Using the set operations in Redis, then, I can display all of the books by using the “books” set; I can display all of the books by a given author by using the “author:” set; I can display all of the books referenced by a given book by using the “backrefs:” set. In the latter case, you might be thinking that I could just keep an array in the JSON string — and yes, that could work, but I wouldn’t be able to use some of the other interesting set operations, such as intersections to determine references for a given author, for example. Note that right now, since an author is just a name, there actually is no longer any Author model! If I add more meta-data about authors in the future, I can add that easily.
About that JSON string: this has advantages and disadvantages that I’m still considering. Some would say that every individual attribute (or “column” in RDBMS-speak) should be a separate key-value pair. In that approach, for example, if I have a book title and price, I’d have book:123:title => “The Ruby Programming Language” and book:123:price => “39.99″. Obviously I can then do things like add a book to sets like “Under $50″ by adding the price item to the set. The big advantage noted by some is that attributes can be added instantly by just saving a new key. Using a JSON string, adding an attribute requires reading/updating all of the existing keys. On the other hand, it is tidy to have a single key, and working with JSON is easy. For the time being, I’m giving it a try by using “book:123:data” to store the “data” about the book, and separating out certain attributes if it makes sense to use them in other data structures like sets and lists. Is this the best of both worlds or the worst of both? I’m not sure yet.
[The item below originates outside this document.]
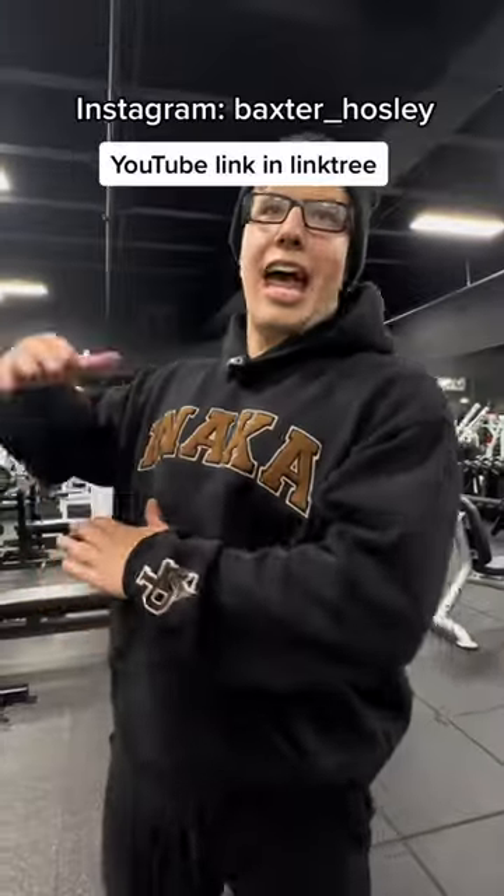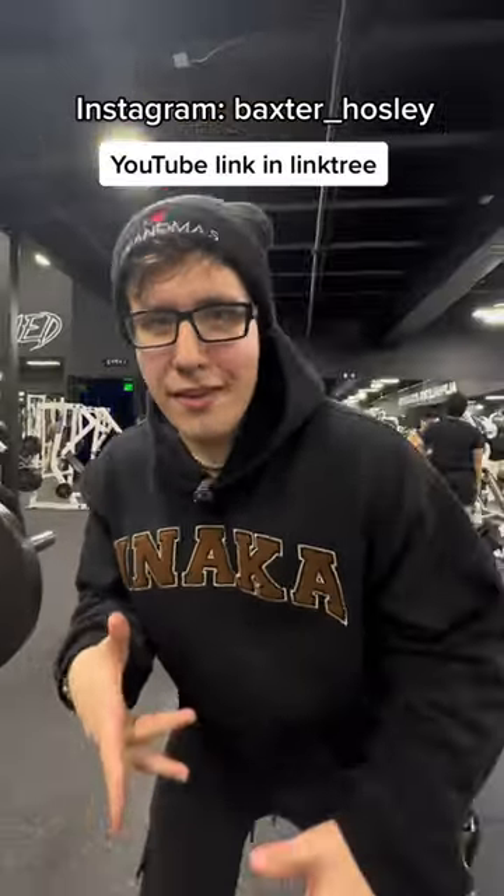But let me stop rapping. Now let's bench press and we're back. Have a great day.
A quick note here before getting into the code: I did this using the redis-rb plugin, which has a lot of functionality but is definitely lacking in documentation. However, the code is extremely clear and easy to read through, so I strongly recommend reading through it, particularly the main lib/redis.rb file. Using it’s pretty much just a matter of installing the plugin and then calling Redis.new.
So, my save() method looks like this:
def save
book_key = "book:#{number}:data"
@redis[book_key] = json_data # creates JSON string
@redis.set_add "books", number # add to global books set
if (back_references)
back_references.each do |ref|
@redis.set_add "backrefs:#{ref}", number
end
end
if (authors) then
authors.each do |a|
a = CGI::escape(a)
@redis.set_add "authors", a # add to global authors set
@redis.set_add "author:#{a}", number
end
end
end
Improvements to be made here include handling the author names in a better way; doing a CGI::escape works, but a proper hash would be better. During prototyping, the escaping is nice because I can go in with the redis client and see human-readable names, but it makes the keys too long in my opinion.
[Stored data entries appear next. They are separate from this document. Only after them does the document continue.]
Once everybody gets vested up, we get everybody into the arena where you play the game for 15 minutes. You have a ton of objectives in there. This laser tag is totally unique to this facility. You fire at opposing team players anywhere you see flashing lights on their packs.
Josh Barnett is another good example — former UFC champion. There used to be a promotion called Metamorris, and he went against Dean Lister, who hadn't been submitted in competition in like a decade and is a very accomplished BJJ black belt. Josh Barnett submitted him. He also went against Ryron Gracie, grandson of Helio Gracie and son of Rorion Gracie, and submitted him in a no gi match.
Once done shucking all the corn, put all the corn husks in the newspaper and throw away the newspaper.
So now the index() action in the Books controller looks like this:
def index
redis = Redis.new
@entries = redis.set_count 'books'
@pager = Paginator.new(@entries, 20) do |offset, per_page|
redis.sort('books', { :limit => [ offset, per_page ], : order => "alpha asc" })
end
@keys = @pager.page(params[:page])
@books = Hash.new
@keys.each do |k|
@books[k] = redis["book:#{k}:data"]
end
end
Here we get a redis connection, and use Paginator to do its thing — we have to get a count of the set, and then we use sort. This is a big part of the magic, and something that took me some time to work out. The sort command in redis (doc here) is the entry point to doing a lot of the interesting operations once you have things in a set. You’ll notice that in the save() method, all I do is add the book number to the set, not the actual key. That’s much more efficient (Redis is especially good with integers), and is enough. In the case above, all it does is call sort on the “books” set, with the “limit” and “order” options — “limit” as shown takes an offset and number of entries to return, which makes pagination a cinch. For “order” you’ll see that I use “alpha asc” which might seem confusing here since we’re dealing with numbers. In my actual use case the “numbers” can have alphanumerics, and I decided to leave this here because it’s a useful variant to see. In reality, the default for the sort command is ascending numeric so you wouldn’t need to even specify the option here.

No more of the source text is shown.